Copy the data exactly, pictures aside.

Data provided:
Content starts

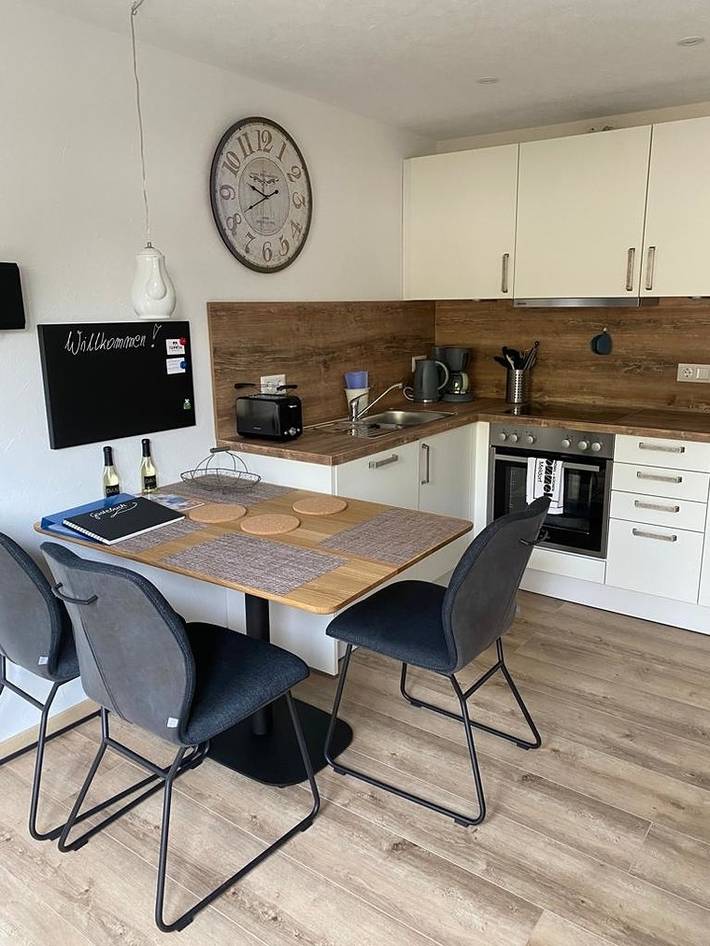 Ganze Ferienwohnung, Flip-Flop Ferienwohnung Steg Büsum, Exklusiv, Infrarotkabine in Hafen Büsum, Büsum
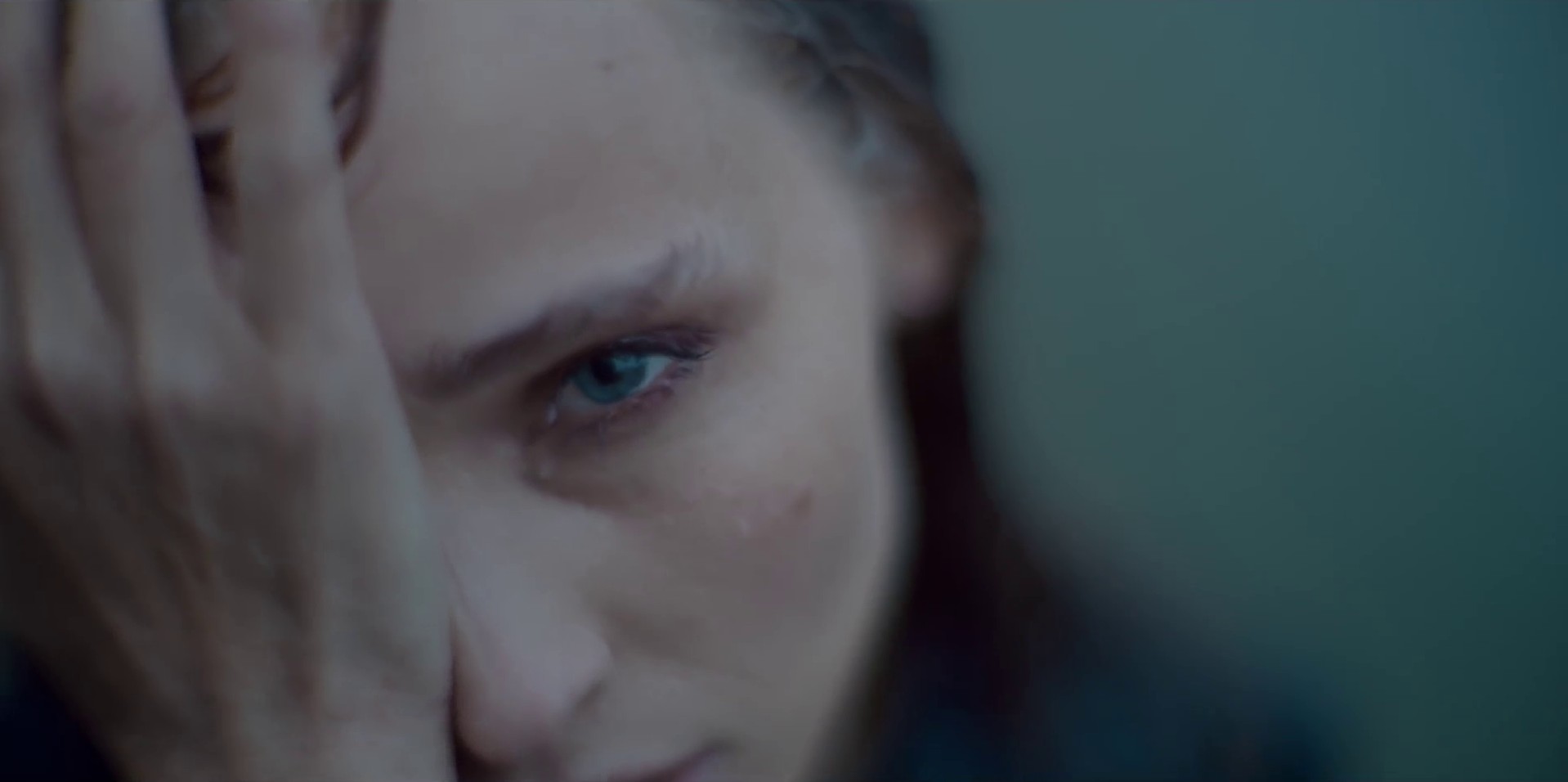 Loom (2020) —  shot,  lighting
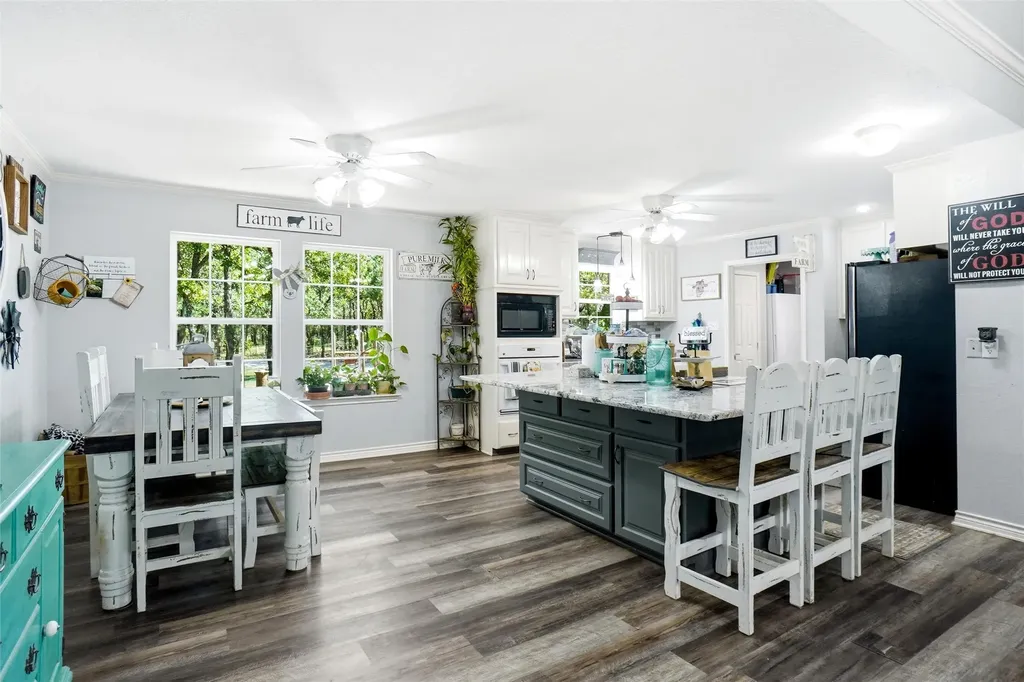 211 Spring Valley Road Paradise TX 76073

Content ends

Result of the exercise:
 Ganze Ferienwohnung, Flip-Flop Ferienwohnung Steg Büsum, Exklusiv, Infrarotkabine in Hafen Büsum, Büsum
 Loom (2020) —  shot,  lighting
 211 Spring Valley Road Paradise TX 76073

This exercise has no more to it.